To meet Mr. Curtin’s insistent demand for fighter planes for Port Moresby, the Combined Chiefs gave General Wavell the alternatives of either providing the place with fighter aircraft or taking over its defense himself. Then, in a measure designed to throw a protecting naval cordon around Port Moresby and the east coast, they established the ANZAC Area, a new strategic command covering principally the ocean areas to the east and northeast of Australia, in which a combined Australian-American force, ANZAC Force, was to operate with the support of the U.S. Pacific Fleet. ANZAC Force—the Australian cruisers Australia, Canberra, and Hobart, the U.S. cruiser Chicago, four destroyers, and a few corvettes—under command of Vice Admiral Herbert F. Leary, USN, was in operation by 7 February. To assist him in the discharge of his mission, Admiral Leary was assigned a squadron of B-17’s from Hawaii. The bombers reached Townsville, Australia, on 17-18 February and several days later bombed Rabaul, the first U.S. bombers to do so.
But if Port Moresby now had a modicum of protection from the sea, its garrison continued as before without fighter planes. The direction from the Combined Chiefs to the contrary, General Wavell was able neither to provide it with aircraft nor to take over its defense. Indeed, so badly had things gone in Wavell’s area that he soon found himself unable to hold the Barrier with the means at hand.
The strong U.S. Army Air Force which was to have retrieved the tactical situation on the Barrier failed to reach Java in time.
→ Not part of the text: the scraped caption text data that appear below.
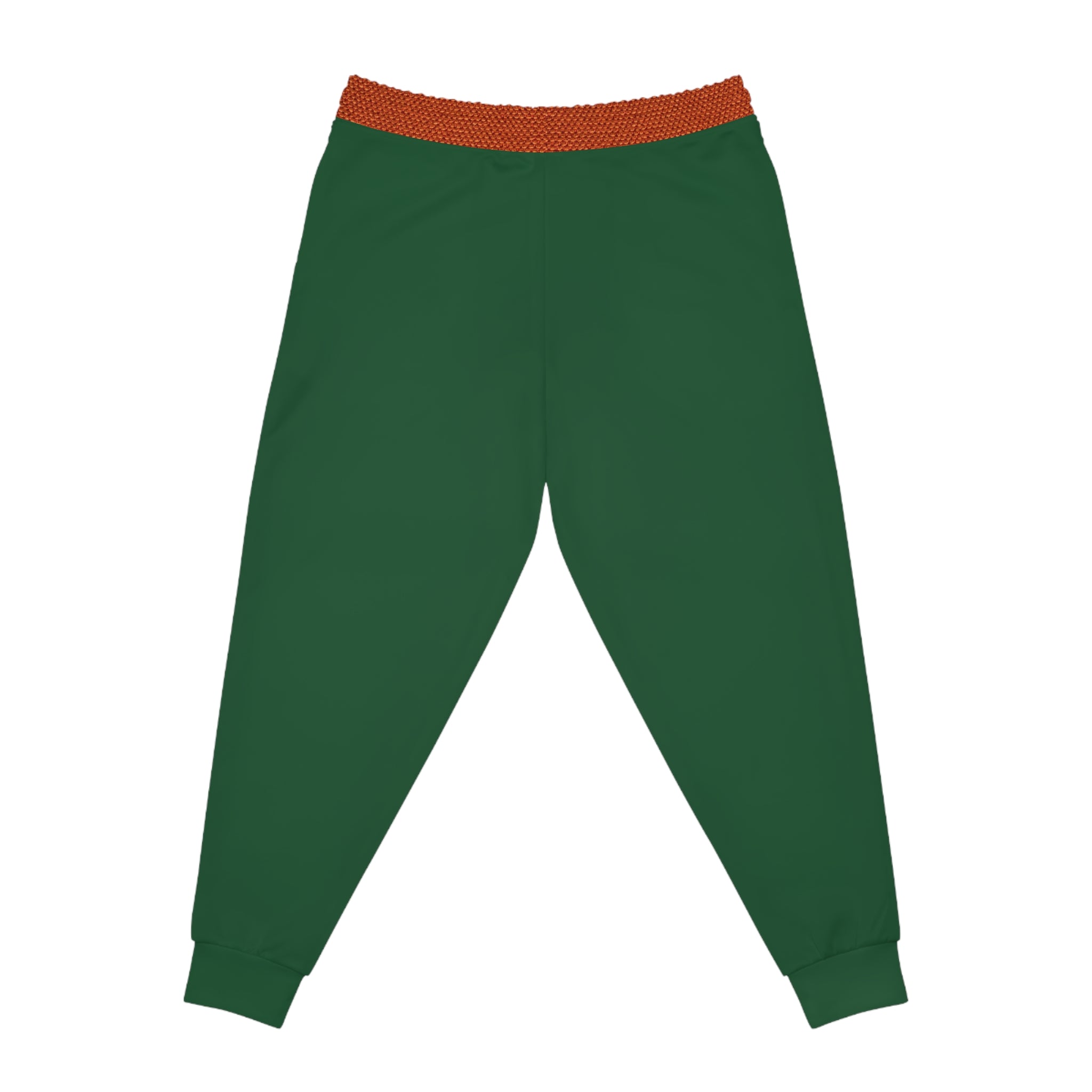Dark green jogger pants with a textured orange-brown elastic waistband, shown flat against a white background.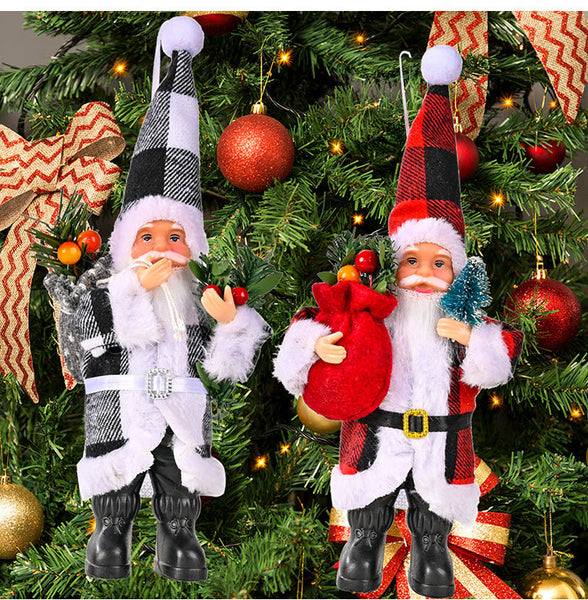 Christmas Decoration Resin Santa Claus Figurine Plaid Cloth Ornament Seasonal Decorations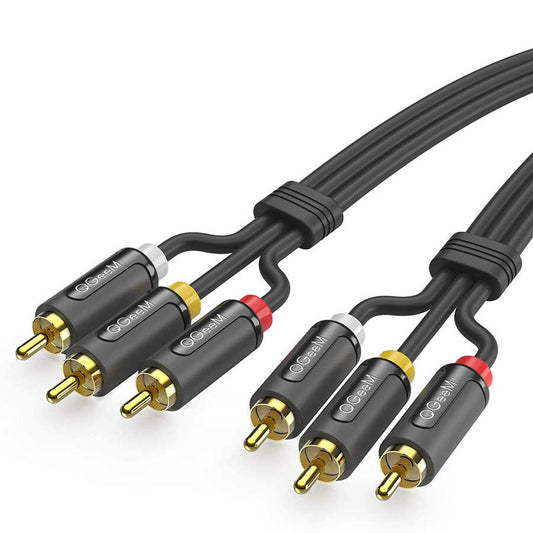 Qgeem QG-AU13 RCA Aux Audio Kablo 3.05M Siyah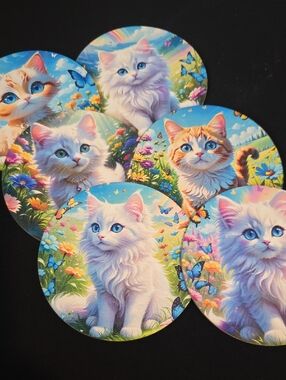 Cat Coasters - Set of 6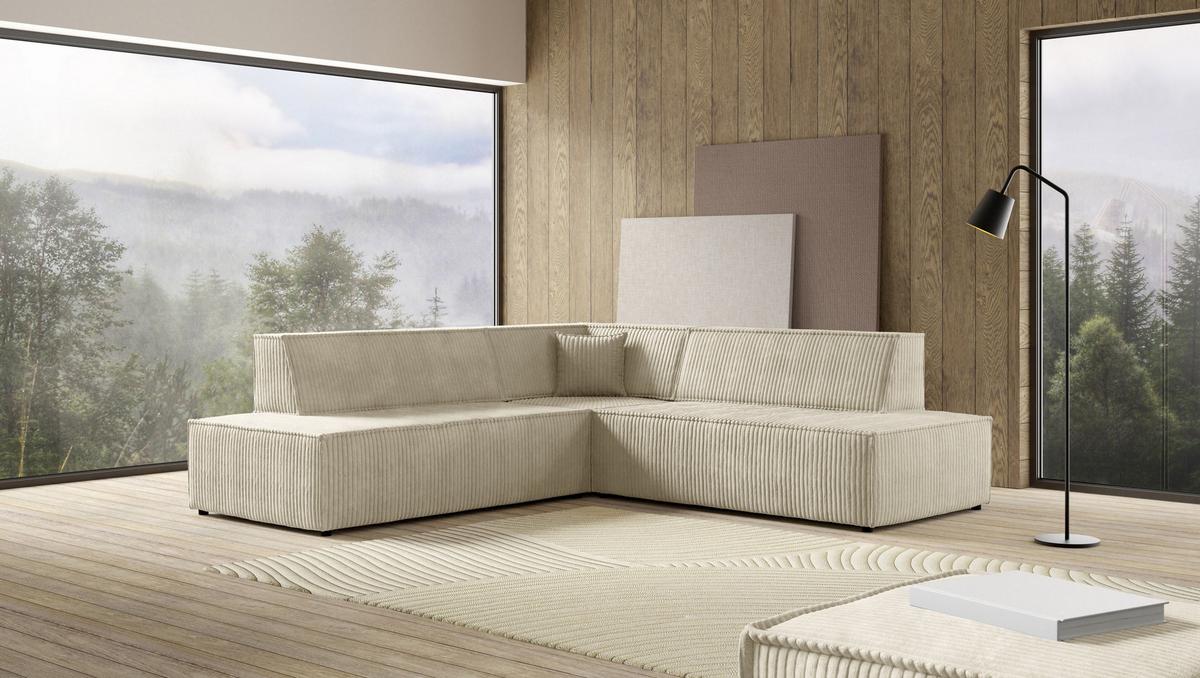 ECKSOFA TESSO II L-S Creme Kordstoff mit Schlaffunktion - Creme, Holz (254/254cm) - MASSENO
Of some 260 fighter planes allotted to the project, only thirty-six actually reached Java. While forty-nine heavy bombers got there, a portion arrived too late to affect the issue, and the rest, because of a critical lack of fighter protection, antiaircraft, and maintenance personnel, were soon reduced to a state approaching impotence. By the third week in February the ABDA Air Force (which had never been able to put more than fifteen heavy bombers in the air at any one time) had, in all, ten heavy bombers, seven dive bombers, and thirteen fighter planes in operative condition.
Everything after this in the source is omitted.